Артур не смеялся, ибо он весь предался другим мыслям, которые тотчас же заставили его сказать:

– Я теперь думаю, Адам, что ты никогда не испытал внутренней борьбы. Мне кажется, ты подавил бы желание, которое, по твоему мнению, ты счел бы несправедливым, так же легко, как победил бы пьяного, который вздумал бы с тобой ссориться. Я хочу сказать, ты никогда не бываешь нерешителен, сначала предполагая мысленно не делать чего-нибудь, а потом все-таки делая это.

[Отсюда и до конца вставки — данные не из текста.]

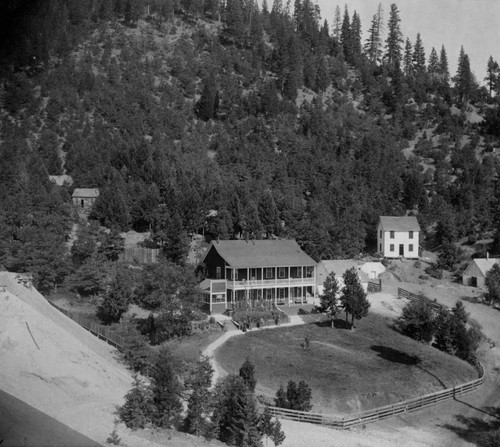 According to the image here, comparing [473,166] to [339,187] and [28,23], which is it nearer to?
[339,187]

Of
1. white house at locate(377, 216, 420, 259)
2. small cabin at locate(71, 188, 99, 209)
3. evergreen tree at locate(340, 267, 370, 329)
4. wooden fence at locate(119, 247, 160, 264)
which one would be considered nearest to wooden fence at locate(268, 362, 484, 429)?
evergreen tree at locate(340, 267, 370, 329)

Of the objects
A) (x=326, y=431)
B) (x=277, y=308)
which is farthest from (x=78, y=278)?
(x=326, y=431)

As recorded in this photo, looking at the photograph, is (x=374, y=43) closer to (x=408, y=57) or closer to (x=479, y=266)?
(x=408, y=57)

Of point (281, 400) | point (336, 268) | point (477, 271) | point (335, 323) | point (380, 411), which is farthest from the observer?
point (477, 271)

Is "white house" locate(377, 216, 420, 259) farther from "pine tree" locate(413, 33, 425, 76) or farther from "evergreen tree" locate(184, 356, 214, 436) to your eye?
"pine tree" locate(413, 33, 425, 76)

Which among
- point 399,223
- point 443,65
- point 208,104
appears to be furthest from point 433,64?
point 399,223

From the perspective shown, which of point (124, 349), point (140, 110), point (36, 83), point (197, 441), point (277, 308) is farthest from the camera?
point (140, 110) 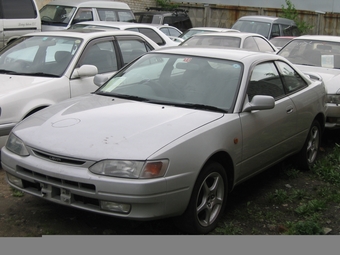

– Ну, – сказал Адам медленно после минутного колебания, – нет. Я не помню, чтоб я качался взад и вперед таким образом, если уж решил, как вы говорите, мысленно, что вот такой-то поступок дурен. У меня во рту и вкусу нет на вещи, когда я знаю, что из-за них будет тревожить меня совесть. Я видел совершенно ясно с тех пор, как понимаю арифметику, что человек, делая дурное, порождает больше греха и беспокойств, нежели он сам может узнать о том впоследствии. Это все равно, что дурная работа: вы никогда не увидите конца ошибок, которые она наделает. А ведь плохо жить на свете для того, чтоб делать ближних хуже вместо того, чтоб делать их лучше. Но есть и различие в том, что люди называют дурным. Я вовсе не из тех людей, ставящих в грех всякую безрассудную выходку или всякую глупость, в которую может быть вовлечен человек, как осуждают людей некоторые из этих диссидентов. И человек может думать так и иначе. Стоит ли получить несколько ударов за какую-нибудь пустую шутку? Но что касается меня, то я никогда не колеблюсь ни в чем, я думаю, мой недостаток в совершенно противном. Если я уж сказал, что если только это касается меня самого, то мне уж тяжело идти на попятный двор.